0-21 seconds). To achieve this, the researchers irradiated a hydrogen molecule with X-rays from the X-ray flash source PETRA III at Hamburg’s accelerator facility DESY. They set it up so that one photon was sufficient to push both electrons out of the hydrogen molecule.

The researchers then calculated the interference pattern of the first ejected electron using the COLTRIMS reaction microscope. This device was partially developed by Dörner, and it makes the super-fast reaction processes in atoms and molecules visible.

“Knowing the spatial orientation of the hydrogen molecule, we used the interference of the two electron waves to calculate exactly when the photon reached the first and when it reached the second hydrogen atom,” Sven Grundmann explained in a statement whose doctoral dissertation was the basis for the resulting scientific article published in Science.

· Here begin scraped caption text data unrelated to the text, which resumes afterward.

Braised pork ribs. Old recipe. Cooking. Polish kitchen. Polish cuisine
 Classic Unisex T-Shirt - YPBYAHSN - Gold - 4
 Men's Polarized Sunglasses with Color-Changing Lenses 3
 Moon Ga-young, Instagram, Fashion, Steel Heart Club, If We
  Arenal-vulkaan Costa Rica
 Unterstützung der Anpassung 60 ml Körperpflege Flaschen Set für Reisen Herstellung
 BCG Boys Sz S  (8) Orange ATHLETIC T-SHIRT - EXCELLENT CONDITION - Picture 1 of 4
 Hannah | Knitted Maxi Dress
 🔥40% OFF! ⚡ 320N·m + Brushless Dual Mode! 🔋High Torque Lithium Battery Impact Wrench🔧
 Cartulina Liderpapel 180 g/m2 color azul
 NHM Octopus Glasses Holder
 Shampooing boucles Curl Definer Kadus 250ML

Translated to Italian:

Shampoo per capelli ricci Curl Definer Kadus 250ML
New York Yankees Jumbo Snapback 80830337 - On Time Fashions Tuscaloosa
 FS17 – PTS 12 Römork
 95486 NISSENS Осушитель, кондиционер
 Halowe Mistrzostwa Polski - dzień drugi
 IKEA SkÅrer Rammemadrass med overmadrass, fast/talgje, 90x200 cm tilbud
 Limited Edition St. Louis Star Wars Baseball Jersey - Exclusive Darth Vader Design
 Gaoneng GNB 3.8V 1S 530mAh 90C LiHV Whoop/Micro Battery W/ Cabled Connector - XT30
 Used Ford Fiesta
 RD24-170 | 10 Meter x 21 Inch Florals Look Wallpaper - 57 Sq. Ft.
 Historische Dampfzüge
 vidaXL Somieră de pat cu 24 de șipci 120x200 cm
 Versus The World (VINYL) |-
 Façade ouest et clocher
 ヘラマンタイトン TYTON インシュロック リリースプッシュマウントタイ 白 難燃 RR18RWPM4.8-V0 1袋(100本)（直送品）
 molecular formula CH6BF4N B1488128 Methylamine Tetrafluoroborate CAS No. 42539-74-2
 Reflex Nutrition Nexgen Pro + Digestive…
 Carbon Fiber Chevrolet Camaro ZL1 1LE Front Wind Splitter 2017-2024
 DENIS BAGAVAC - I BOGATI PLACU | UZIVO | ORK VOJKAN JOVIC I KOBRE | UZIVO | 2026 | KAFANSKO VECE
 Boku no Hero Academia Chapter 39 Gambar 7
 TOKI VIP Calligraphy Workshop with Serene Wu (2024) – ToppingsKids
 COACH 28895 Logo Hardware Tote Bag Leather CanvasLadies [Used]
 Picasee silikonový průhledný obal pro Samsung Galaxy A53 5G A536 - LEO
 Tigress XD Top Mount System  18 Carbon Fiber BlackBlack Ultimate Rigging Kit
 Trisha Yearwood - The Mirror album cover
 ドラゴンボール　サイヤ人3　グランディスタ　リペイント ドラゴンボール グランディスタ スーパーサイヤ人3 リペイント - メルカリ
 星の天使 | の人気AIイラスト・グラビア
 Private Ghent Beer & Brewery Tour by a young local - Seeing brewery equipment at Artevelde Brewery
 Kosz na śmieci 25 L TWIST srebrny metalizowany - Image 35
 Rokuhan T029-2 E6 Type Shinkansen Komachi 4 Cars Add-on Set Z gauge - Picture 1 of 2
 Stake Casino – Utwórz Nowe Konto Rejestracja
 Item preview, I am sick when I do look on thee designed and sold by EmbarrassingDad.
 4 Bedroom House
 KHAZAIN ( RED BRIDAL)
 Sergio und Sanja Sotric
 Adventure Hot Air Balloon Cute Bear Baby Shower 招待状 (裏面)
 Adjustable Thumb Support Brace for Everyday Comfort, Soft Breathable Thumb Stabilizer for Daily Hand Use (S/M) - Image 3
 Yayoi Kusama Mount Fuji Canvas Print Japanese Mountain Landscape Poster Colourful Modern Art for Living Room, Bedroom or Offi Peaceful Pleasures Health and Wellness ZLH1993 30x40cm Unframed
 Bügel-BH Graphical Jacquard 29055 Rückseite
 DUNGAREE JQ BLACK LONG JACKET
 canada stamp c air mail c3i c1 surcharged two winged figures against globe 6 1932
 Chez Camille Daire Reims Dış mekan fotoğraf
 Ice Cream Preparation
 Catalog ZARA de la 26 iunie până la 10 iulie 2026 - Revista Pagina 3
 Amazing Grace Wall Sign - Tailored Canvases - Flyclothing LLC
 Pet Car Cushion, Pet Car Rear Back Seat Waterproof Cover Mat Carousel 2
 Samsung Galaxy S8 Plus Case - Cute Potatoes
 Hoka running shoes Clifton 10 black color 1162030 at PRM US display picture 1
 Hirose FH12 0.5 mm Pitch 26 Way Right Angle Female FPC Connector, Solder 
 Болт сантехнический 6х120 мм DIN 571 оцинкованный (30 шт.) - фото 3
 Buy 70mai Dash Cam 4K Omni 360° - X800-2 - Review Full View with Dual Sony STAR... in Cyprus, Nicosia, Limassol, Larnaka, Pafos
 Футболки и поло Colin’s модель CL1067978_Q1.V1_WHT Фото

“And this is up to 247 zeptose seconds, depending on how far apart in the molecule the two atoms were from the perspective of light.”

“We observed for the first time that the electron shell of a molecule does not respond to light everywhere at the same time. The time delay occurs because the information in the molecule only spreads at the speed of light. With this finding, we have expanded our COLTRIMS technology to another application, “said Professor Reinhard Dörner.